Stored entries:
══════════════════════════════

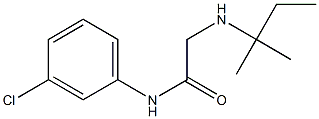 N-(3-chlorophenyl)-2-[(2-methylbutan-2-yl)amino]acetamide Struktur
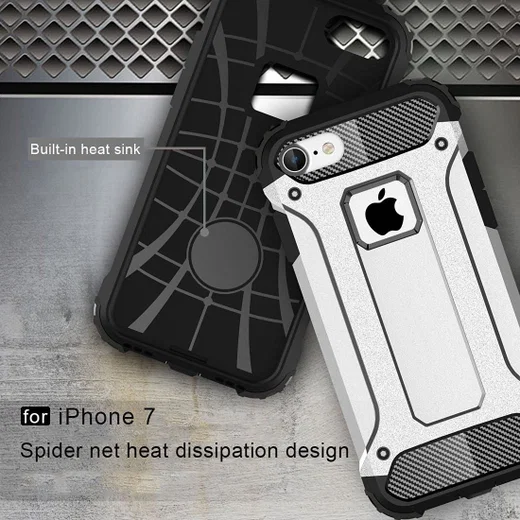 Apple iPhone 7/8 Hoesje Shock Proof Hybride Back Cover Wit afbeelding 7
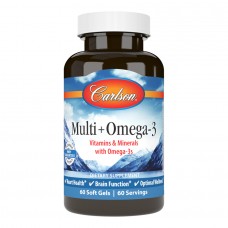 Carlson Labs Multi + Omega 3, 60 капсул Carlson Labs Multi + Omega 3, 60 капсул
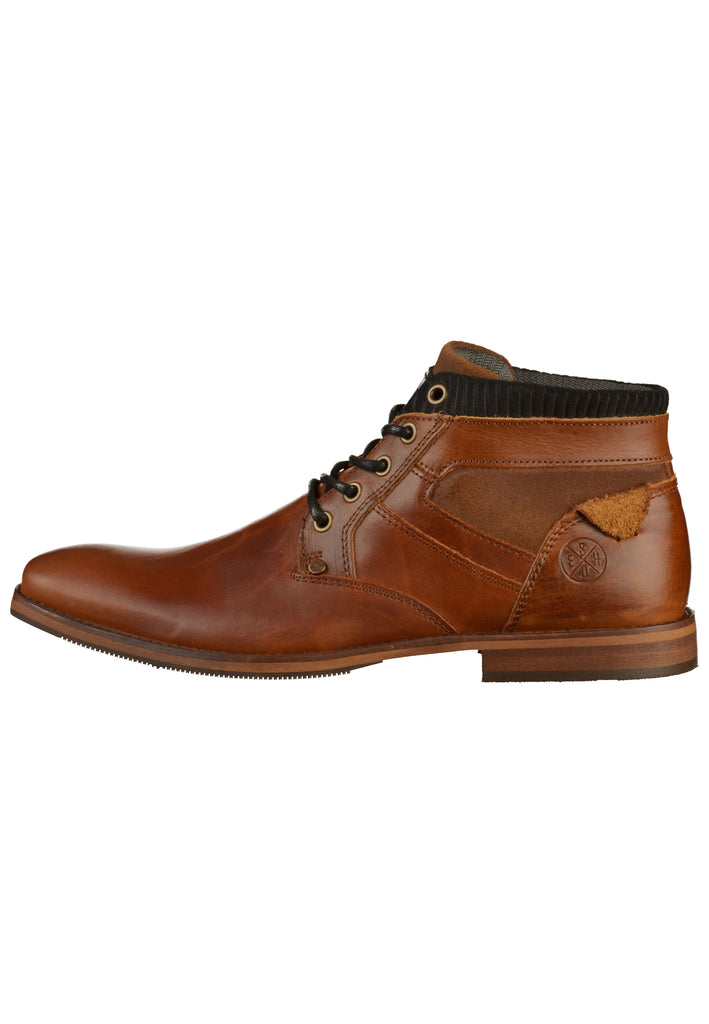 Bullboxer Stiefelette Leder Cognac - surf4shoes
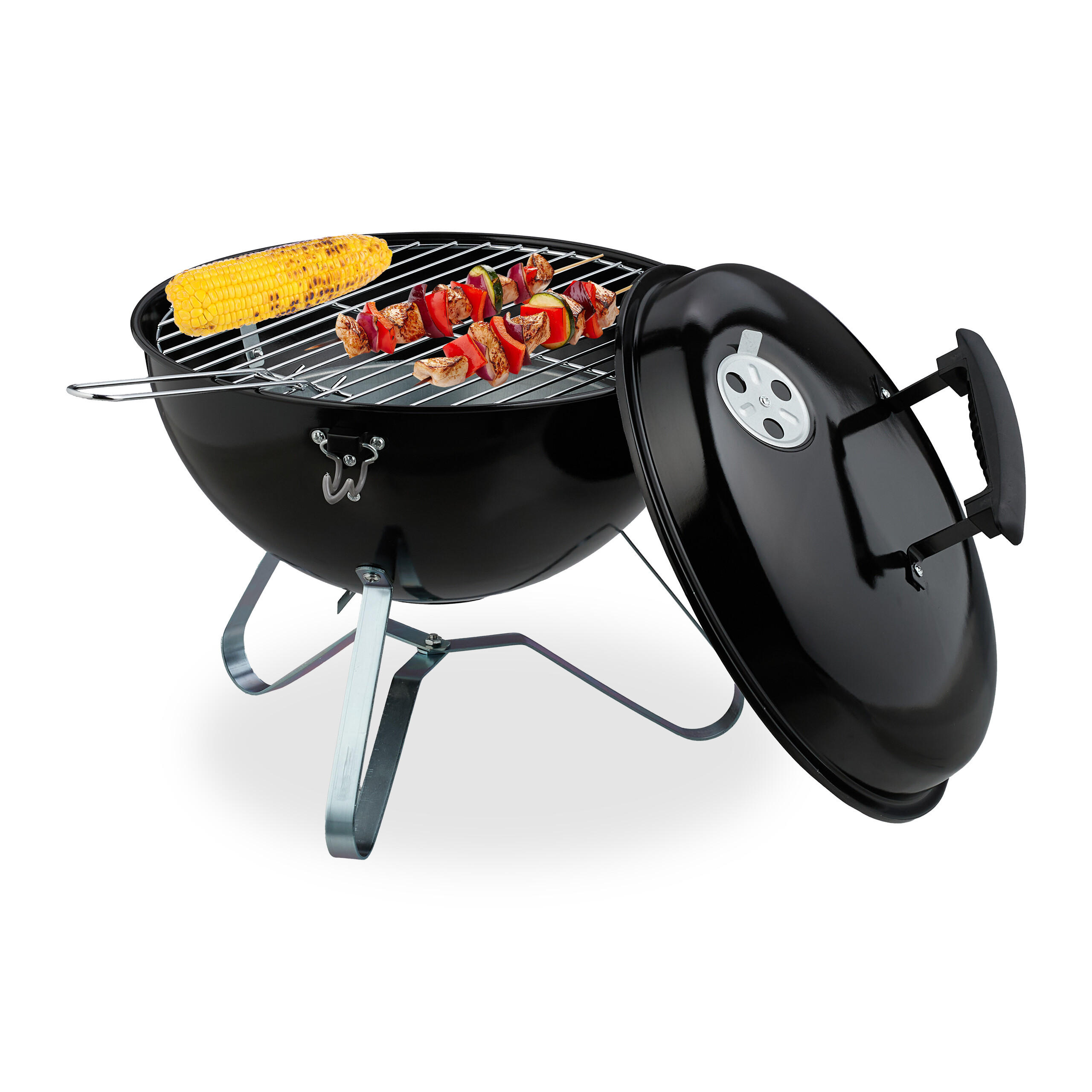 Relaxdays Kugelgrill Mehrfarbig 45 cm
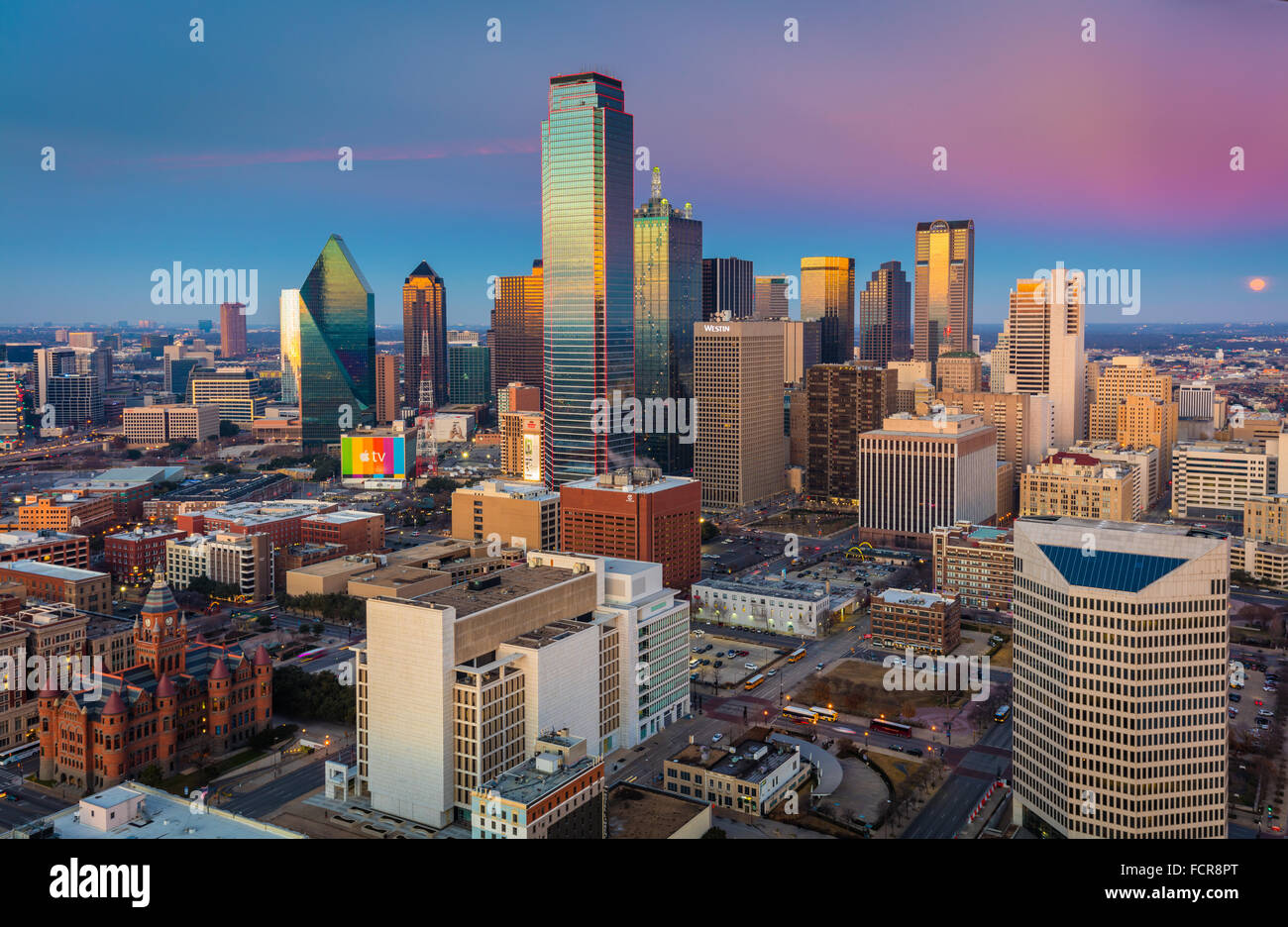 Dallas est la neuvième ville la plus peuplée des États-Unis d'Amérique et la troisième ville la plus peuplée de l'état du Texas. Banque D'Images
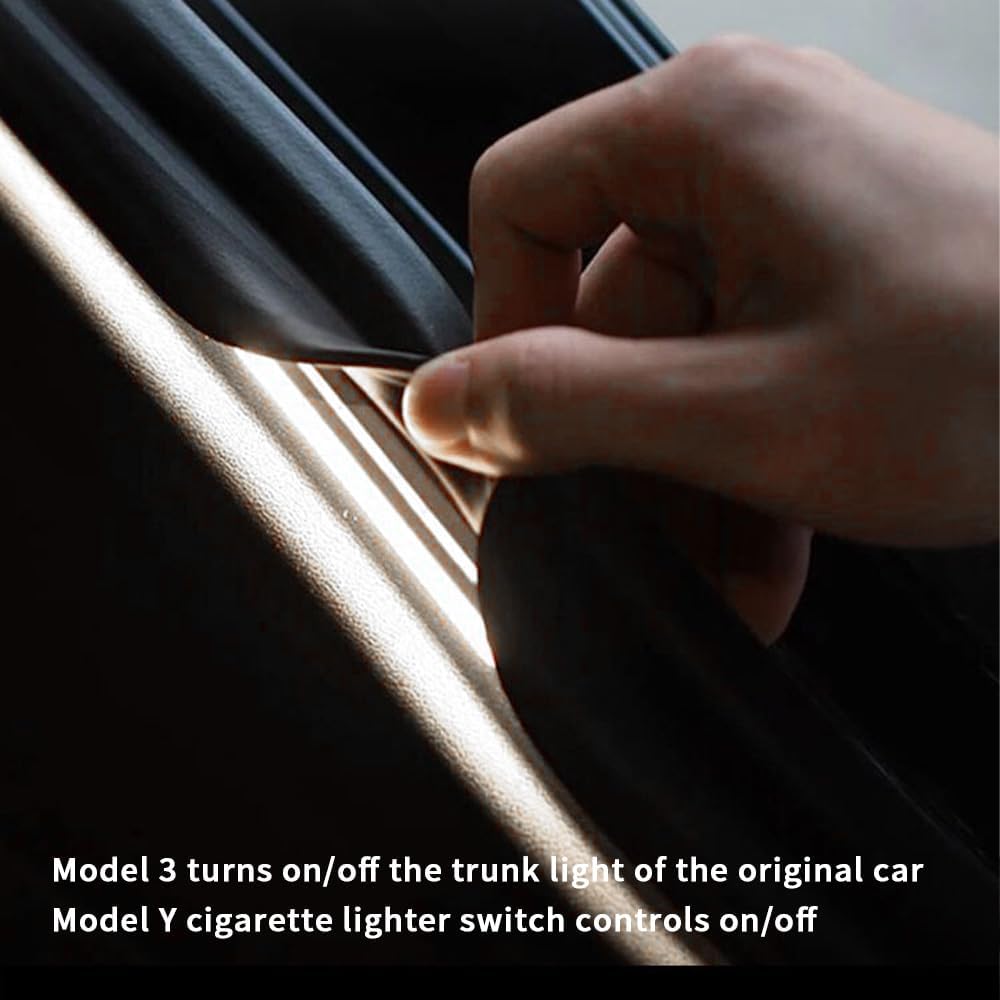 for Tesla Model 3 2017 2018 2019 2020 2021 2022 2023 LED Rear Trunk Cargo Light Interior Decoration Lights Accessories Waterproof DC 15V White Light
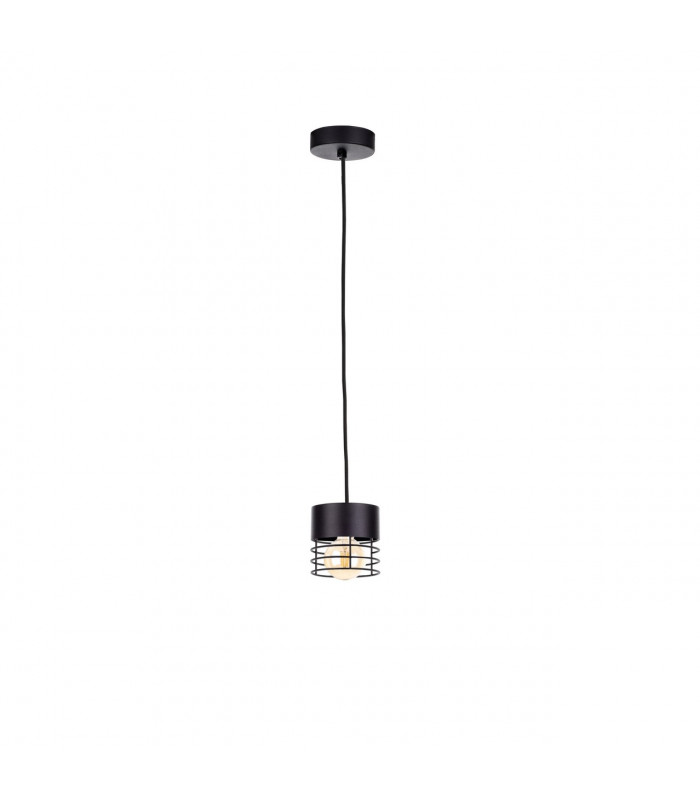 Elle Slim Pendant Ceiling Light Black, 12cm, 1x E27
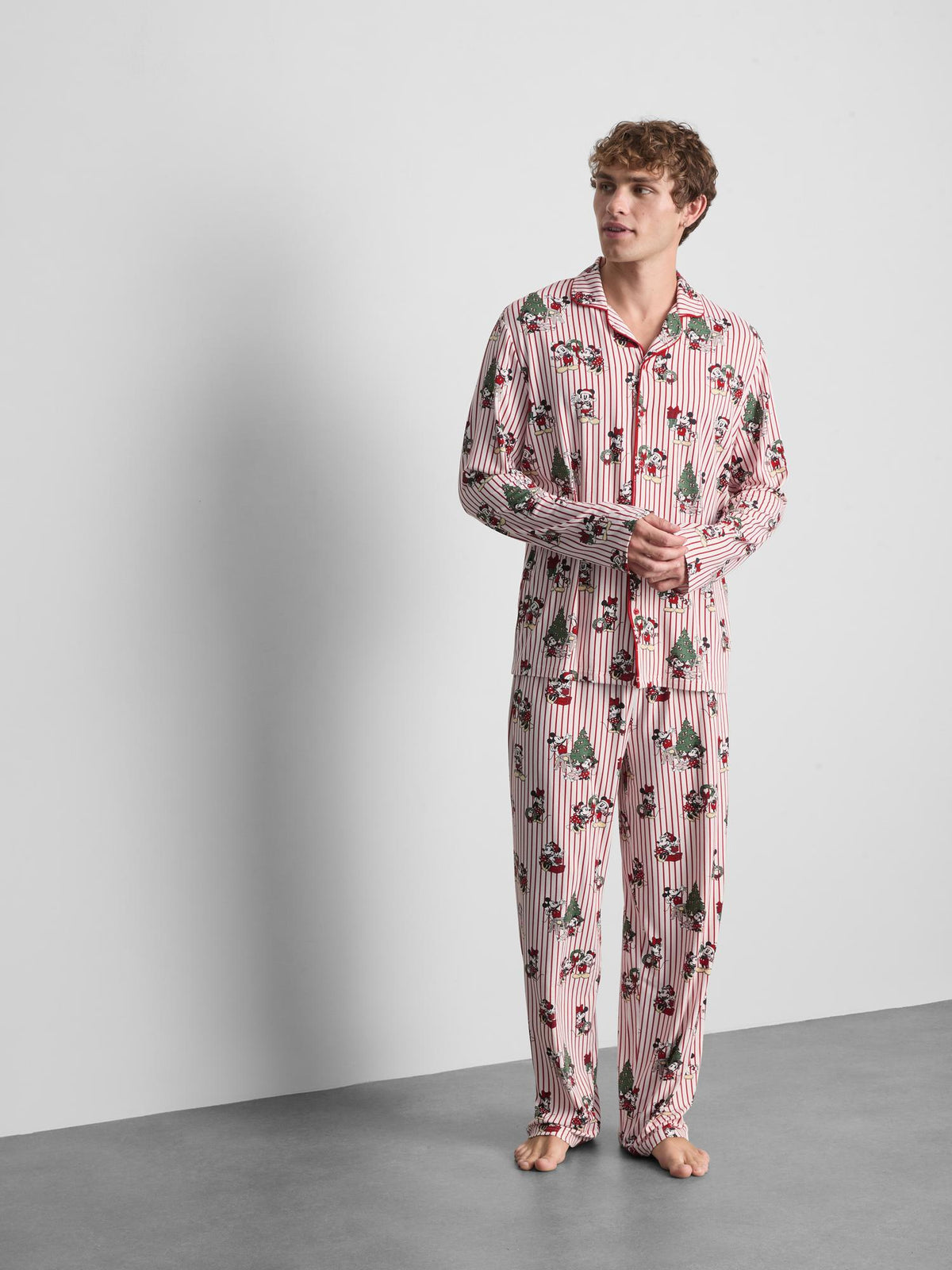 Men’s Disney’s Mickey Mouse Family Christmas Pyjamas - Red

══════════════════════════════

**Directions for this task:** Write out all of the records above. Keep them exact and leave out the pictures.

**Response:**
 N-(3-chlorophenyl)-2-[(2-methylbutan-2-yl)amino]acetamide Struktur
 Apple iPhone 7/8 Hoesje Shock Proof Hybride Back Cover Wit afbeelding 7
 Carlson Labs Multi + Omega 3, 60 капсул Carlson Labs Multi + Omega 3, 60 капсул
 Bullboxer Stiefelette Leder Cognac - surf4shoes
 Relaxdays Kugelgrill Mehrfarbig 45 cm
 Dallas est la neuvième ville la plus peuplée des États-Unis d'Amérique et la troisième ville la plus peuplée de l'état du Texas. Banque D'Images
 for Tesla Model 3 2017 2018 2019 2020 2021 2022 2023 LED Rear Trunk Cargo Light Interior Decoration Lights Accessories Waterproof DC 15V White Light
 Elle Slim Pendant Ceiling Light Black, 12cm, 1x E27
 Men’s Disney’s Mickey Mouse Family Christmas Pyjamas - Red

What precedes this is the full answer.